Cannily identifying the need for a weapon gimmicky enough to compete in the audiences minds with Beastmaster’s ferret army and Hawk the Slayer’s baddie-bewildering disco inferno soundtrack, Colwyn now enters the dark, eerie, forbidden depths of The Pine Wood (read: a Pinewood Studios soundstage, after hours) to seeketh/steal the mythical ‘Glaive’ – a flying five-pronged swastika made out of sharpened shoehorns that performs as Berwhale’s Kryptonite. Totally preposterous and seemingly designed with both eyes on the Commodore 64 spin-off game, the Glaive does however obviate the need for yet more bloody sword fighting and did, to be fair, go on to spawn that short lived weak sister of fantasy sub-genres – ‘Swastikas and Sorcery’ (RIP).
The family that Glaives together...
The rest of the film is about as enjoyable as a naked donkey ride to hell - in a sandpaper saddle. There’s some protracted, dialogue-free business with a giant crystal spider over which noise baron James Horner goes totally loco with a Theremin/jackhammer duel that leaves the viewer feeling like they’ve been listening to long-wave radio with an ice cream headache for a whole weekend; we suffer the most insulting deus ex machina since the Theory of Evolution (rapidly acquired, hitherto unmentioned flying (Shire!) horses); and witness the worst Glaive fight… well, ever. Otherwise it’s Star of the War Rings executed with every bit of the precision and delicacy you would imagine from the director of Mother, Jugs and Speed.

Harsh? Yes.

Produced by hallowed film titans Barclays Mercantile Industrial Finance, Krull (aka Internal ComDev Equity B-M671/K), though fondly remembered as one of the decade’s nobler failures, is merely an example of a badly plucked turkey living way high on the tax-deductible hog.
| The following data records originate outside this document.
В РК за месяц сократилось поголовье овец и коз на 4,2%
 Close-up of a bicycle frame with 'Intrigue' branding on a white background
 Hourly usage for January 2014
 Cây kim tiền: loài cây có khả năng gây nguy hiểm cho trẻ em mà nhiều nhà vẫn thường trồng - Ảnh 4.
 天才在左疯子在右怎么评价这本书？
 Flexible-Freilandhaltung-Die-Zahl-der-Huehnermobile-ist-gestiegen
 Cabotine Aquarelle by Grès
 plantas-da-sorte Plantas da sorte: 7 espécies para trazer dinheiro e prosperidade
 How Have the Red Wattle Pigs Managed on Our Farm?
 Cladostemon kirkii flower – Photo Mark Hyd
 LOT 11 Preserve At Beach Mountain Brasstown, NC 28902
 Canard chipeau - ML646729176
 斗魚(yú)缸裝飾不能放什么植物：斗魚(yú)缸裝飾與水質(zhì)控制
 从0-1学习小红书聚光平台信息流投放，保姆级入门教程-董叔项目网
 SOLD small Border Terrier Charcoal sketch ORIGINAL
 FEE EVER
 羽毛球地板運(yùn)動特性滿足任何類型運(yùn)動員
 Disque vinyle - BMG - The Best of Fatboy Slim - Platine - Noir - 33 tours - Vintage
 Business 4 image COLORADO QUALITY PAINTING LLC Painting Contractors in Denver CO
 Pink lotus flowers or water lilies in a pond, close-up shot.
Whereas the previous year’s Tron was a brain-jacking acid-catapult into a viable futurama and ‘81’s Dragonslayer did exactly what it said on the box, the unique fantasy selling point of Krull is an incident free, ninety minute stroll from Point A (Castle Forcedperspective) to Point B (Berwhale Towers) with an unutterably smug TV Movie actor in a blow-dried codpiece. They've thrown a bit of folding money at it, sure, but the overriding feeling is that - like so many of it’s poorer cousins - Krull was crudding up video shelves purely because it existed, and owed its existence solely to the fact that those endless shelves were there...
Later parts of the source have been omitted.